Web page caption snippets:
******

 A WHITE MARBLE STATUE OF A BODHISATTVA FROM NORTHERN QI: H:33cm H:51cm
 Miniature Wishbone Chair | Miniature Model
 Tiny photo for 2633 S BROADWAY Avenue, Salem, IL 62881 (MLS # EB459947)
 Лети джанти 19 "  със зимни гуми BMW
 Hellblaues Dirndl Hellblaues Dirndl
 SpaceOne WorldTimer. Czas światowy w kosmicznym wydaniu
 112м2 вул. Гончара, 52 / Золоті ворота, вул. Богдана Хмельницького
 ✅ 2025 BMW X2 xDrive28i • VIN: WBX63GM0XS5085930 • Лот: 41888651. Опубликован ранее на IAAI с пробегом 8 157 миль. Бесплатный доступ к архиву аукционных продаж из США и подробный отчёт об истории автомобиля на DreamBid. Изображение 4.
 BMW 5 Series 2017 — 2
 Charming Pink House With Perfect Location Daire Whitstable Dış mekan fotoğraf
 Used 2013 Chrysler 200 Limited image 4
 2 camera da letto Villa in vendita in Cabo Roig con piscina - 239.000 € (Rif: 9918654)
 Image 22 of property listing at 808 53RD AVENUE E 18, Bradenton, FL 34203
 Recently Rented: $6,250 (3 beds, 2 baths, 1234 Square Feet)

******

* _What you should do_:
Please retype the top of the data exactly, down to and including the line that holds "112м2 вул. Гончара, 52", and nothing further.

* _Solution below_:
 A WHITE MARBLE STATUE OF A BODHISATTVA FROM NORTHERN QI: H:33cm H:51cm
 Miniature Wishbone Chair | Miniature Model
 Tiny photo for 2633 S BROADWAY Avenue, Salem, IL 62881 (MLS # EB459947)
 Лети джанти 19 "  със зимни гуми BMW
 Hellblaues Dirndl Hellblaues Dirndl
 SpaceOne WorldTimer. Czas światowy w kosmicznym wydaniu
 112м2 вул. Гончара, 52 / Золоті ворота, вул. Богдана Хмельницького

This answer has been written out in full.